University of Virginia Historical Collections at the Claude Moore Health Sciences Library

The Neurasthenia Rest Cure and Dr. Silas Weir Mitchell

Image: “Mistress and Her Maid,” by Jean Louis Forain. University of Virginia Fralin Museum of Art. Gift of the Frederick and Lucy S. Herman Foundation.


Simon Weir Mitchell

Image: “Silas Weir Mitchell,” Source: Wikipedia.

A prominent Philadelphia physician and graduate of Jefferson Medical College, Silas Weir Mitchell, M.D., developed the rest cure for neurasthenia in the 1870s. His most prominent books were Wear and Tear, or Hints for the Overworked (1871), Injuries of Nerves and Their Consequences (1872), Fat and Blood (1877), and Doctor and Patient (1888).

As the most prominent U.S. physician in the treatment of neurasthenia, Dr. Mitchell was consulted by patients and their families throughout North America and Europe. His patients were a roll call of leaders of U.S. society.

Dr. Mitchell is most often associated with the rest cure for women. He admired active, intellectual women, and in later years when he was the preeminent specialist in neurasthenia, colleagues and friends would try to persuade him to take a new patient by extolling her intelligence and accomplishments.



Image: “Charlotte Perkins Gilman,” Source: Wikimedia Commons.

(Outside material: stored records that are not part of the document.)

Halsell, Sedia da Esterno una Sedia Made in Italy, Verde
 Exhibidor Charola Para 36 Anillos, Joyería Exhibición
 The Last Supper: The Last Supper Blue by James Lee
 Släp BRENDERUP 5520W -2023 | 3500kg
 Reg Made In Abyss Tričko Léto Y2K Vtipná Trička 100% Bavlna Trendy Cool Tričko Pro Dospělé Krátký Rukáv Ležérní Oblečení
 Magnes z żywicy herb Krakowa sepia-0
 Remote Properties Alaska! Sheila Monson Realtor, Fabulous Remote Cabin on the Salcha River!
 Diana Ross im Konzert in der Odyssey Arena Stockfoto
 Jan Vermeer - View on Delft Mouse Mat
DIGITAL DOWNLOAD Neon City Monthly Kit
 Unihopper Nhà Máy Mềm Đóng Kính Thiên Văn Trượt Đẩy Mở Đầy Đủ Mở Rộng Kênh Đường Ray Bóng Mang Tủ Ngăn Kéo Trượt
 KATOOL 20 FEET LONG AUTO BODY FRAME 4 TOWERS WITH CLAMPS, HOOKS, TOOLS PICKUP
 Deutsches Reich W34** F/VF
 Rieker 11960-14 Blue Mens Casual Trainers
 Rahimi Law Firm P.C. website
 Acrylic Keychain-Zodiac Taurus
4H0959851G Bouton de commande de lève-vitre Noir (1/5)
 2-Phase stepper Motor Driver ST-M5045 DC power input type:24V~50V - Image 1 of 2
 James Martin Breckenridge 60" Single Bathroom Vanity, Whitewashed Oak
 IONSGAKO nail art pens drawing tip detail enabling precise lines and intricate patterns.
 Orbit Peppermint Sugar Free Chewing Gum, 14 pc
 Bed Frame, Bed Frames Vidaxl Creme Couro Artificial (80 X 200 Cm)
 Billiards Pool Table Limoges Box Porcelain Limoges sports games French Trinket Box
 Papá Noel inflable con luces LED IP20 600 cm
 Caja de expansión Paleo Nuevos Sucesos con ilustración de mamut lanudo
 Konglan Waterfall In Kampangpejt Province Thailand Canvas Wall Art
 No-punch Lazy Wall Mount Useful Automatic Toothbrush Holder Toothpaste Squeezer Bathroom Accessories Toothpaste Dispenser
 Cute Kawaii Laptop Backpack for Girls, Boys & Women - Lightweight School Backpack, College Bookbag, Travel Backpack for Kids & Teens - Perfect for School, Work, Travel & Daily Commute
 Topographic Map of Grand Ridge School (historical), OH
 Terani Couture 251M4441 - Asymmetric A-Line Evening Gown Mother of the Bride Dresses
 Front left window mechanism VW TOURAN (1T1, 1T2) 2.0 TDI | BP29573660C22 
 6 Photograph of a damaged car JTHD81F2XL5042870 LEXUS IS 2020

Dr. Mitchell’s reputation fell after the 1970s because of the revival of the semi-autobiographical short story “The Yellow Wallpaper” (1892) by Charlotte Perkins Gilman, a writer, poet, and social reformer. The story became a standard part of the curriculum in U.S. cultural history, women’s studies, and medical humanities. In the story, Gilman condemned the rest cure and by extension the harmful treatment of women by physicians, most of whom were men at the time. The woman in Gilman’s story is prescribed a strict rest cure, during which she gradually becomes insane.

Recently, medical historian David Schuster has studied Mitchell’s relationships with his women patients and concluded that his reputation has been unjustly damaged by Gilman’s story and modern critiques based on it. Schuster studied years of letters between Mitchell and three of his prominent women patients: Amelia Gene Mason, Sarah Butler Wister, and Charlotte Perkins Gilman.

Schuster concludes that Mitchell prescribed a strict rest cure for Gilman based on a reasonable interpretation of the description Gilman wrote for him of her state of mind and condition. Gilman later acknowledged that her life was unusually bleak and depressive at the time she wrote the description for Mitchell. In contrast, Mitchell prescribed different approaches for the other women, flexibly adjusting their treatments over the years and working with them to determine the best approaches.